Exercise aim: Where a line holds the word "Image", copy it from the records.

Source information:
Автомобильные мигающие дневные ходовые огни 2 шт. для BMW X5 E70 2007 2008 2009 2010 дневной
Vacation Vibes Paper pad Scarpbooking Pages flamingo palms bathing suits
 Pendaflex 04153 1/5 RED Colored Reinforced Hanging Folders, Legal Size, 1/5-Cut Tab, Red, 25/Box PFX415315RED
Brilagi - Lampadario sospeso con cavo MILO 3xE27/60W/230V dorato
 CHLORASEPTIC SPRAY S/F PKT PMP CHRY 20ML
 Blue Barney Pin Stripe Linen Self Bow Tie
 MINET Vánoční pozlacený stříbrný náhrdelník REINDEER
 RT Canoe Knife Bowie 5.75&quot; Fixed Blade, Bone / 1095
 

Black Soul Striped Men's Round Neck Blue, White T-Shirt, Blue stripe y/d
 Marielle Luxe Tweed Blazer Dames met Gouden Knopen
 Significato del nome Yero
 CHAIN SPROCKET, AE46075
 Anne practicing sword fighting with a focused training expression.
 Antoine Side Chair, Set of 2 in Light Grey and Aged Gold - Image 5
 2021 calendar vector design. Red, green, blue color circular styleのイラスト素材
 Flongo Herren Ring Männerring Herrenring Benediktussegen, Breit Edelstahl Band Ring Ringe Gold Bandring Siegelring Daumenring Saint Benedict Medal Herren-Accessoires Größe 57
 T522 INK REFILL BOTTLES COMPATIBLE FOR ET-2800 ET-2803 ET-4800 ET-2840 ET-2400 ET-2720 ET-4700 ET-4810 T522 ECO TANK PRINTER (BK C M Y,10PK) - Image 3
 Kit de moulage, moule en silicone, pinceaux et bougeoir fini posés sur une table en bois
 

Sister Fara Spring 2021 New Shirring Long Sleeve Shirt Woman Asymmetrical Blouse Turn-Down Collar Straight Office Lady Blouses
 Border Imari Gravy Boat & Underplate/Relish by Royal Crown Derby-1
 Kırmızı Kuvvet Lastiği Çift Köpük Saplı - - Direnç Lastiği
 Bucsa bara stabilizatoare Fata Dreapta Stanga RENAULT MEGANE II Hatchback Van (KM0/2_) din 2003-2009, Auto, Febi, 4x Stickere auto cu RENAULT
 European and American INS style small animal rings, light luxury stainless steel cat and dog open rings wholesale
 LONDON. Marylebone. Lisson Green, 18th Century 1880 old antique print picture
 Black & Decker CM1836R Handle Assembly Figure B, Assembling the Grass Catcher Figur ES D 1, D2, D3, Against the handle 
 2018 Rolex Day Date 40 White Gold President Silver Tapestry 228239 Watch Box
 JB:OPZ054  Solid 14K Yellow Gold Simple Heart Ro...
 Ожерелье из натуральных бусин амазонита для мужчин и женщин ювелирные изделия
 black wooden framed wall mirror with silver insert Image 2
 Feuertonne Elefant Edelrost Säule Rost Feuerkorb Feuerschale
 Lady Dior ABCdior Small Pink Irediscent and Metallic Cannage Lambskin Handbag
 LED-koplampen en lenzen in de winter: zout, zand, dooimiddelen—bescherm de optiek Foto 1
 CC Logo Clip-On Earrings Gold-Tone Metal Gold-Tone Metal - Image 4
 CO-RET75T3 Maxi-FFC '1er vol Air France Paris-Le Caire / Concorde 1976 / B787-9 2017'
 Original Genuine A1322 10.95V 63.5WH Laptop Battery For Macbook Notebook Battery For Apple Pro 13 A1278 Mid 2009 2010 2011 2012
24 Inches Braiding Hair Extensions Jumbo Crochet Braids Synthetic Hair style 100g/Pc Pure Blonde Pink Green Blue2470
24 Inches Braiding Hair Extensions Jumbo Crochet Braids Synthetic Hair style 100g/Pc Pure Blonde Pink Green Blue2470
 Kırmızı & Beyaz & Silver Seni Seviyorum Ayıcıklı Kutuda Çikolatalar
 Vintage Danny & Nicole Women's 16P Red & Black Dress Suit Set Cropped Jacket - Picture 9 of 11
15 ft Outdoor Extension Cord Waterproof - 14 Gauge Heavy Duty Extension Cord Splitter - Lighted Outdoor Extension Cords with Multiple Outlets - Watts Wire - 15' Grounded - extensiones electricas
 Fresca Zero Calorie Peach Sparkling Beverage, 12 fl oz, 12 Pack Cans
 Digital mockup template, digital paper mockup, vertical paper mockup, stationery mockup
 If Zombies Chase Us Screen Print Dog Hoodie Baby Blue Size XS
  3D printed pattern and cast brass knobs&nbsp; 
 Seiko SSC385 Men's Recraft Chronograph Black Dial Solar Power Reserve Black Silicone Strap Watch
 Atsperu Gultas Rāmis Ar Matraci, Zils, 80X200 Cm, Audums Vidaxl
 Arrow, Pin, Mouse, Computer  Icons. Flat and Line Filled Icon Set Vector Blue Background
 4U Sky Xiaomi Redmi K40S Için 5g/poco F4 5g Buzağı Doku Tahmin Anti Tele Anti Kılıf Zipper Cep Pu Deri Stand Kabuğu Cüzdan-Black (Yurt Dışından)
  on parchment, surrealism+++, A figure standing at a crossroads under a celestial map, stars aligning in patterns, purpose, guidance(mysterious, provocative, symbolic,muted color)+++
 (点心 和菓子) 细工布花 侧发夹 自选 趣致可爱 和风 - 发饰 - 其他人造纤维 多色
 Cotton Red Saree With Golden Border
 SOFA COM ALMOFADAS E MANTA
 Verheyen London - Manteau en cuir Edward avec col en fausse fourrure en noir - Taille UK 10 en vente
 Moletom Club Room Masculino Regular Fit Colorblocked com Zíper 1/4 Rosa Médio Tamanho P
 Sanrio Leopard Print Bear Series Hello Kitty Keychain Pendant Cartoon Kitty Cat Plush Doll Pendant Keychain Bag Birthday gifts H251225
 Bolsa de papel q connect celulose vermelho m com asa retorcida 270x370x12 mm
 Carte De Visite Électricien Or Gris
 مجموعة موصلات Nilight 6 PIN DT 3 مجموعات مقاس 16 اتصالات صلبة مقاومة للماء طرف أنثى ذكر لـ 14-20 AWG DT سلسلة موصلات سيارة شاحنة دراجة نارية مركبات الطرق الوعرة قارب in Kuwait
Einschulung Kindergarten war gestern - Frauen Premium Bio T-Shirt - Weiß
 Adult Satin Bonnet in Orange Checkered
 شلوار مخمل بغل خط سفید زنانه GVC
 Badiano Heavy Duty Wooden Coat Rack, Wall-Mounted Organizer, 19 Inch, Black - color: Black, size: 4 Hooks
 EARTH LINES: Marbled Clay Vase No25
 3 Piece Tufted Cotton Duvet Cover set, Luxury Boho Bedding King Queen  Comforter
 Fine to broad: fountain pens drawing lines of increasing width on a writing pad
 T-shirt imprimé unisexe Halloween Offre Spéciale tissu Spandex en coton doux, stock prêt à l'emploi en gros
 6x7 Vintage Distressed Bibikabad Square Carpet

Answer space:
 Antoine Side Chair, Set of 2 in Light Grey and Aged Gold - Image 5
 T522 INK REFILL BOTTLES COMPATIBLE FOR ET-2800 ET-2803 ET-4800 ET-2840 ET-2400 ET-2720 ET-4700 ET-4810 T522 ECO TANK PRINTER (BK C M Y,10PK) - Image 3
 black wooden framed wall mirror with silver insert Image 2
 CC Logo Clip-On Earrings Gold-Tone Metal Gold-Tone Metal - Image 4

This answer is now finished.